*** Opening of SOURCE MATERIAL ***

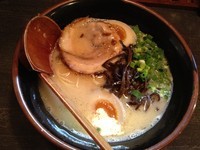 「博多ラーメン＋味付け玉子（￥600＋￥100）」@らーめん たつ屋の写真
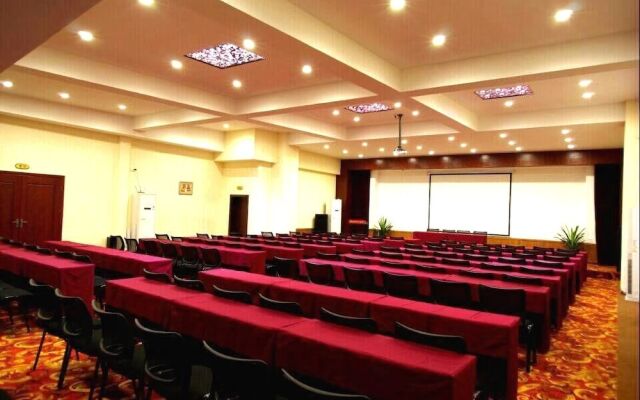Lingui Hotel (Guilin Railway Station)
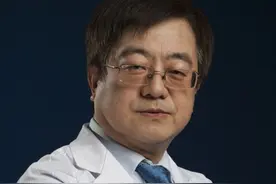 李晓光：张定宇院长抗疫事迹鼓舞了很多渐冻症患者图片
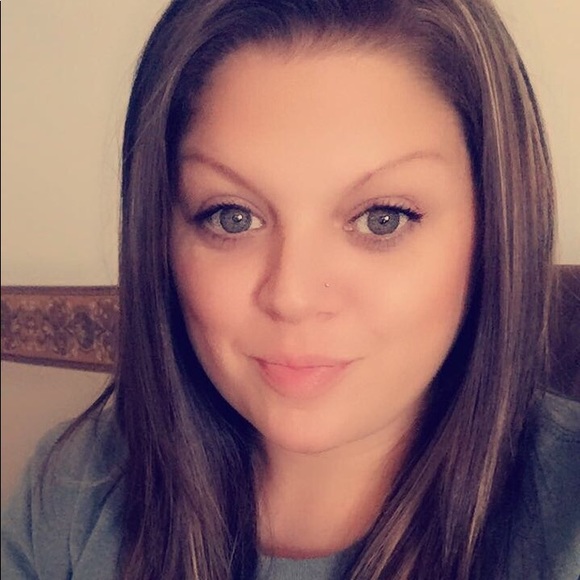 Profile Picture of Amber Bailey (@amberbailey1113) on Poshmark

*** Close of SOURCE MATERIAL ***

HOW TO COMPLETE THIS TASK: Where the material above includes pictures, omit them and retype everything else exactly.

ANSWER BELOW:
 「博多ラーメン＋味付け玉子（￥600＋￥100）」@らーめん たつ屋の写真
Lingui Hotel (Guilin Railway Station)
 李晓光：张定宇院长抗疫事迹鼓舞了很多渐冻症患者图片
 Profile Picture of Amber Bailey (@amberbailey1113) on Poshmark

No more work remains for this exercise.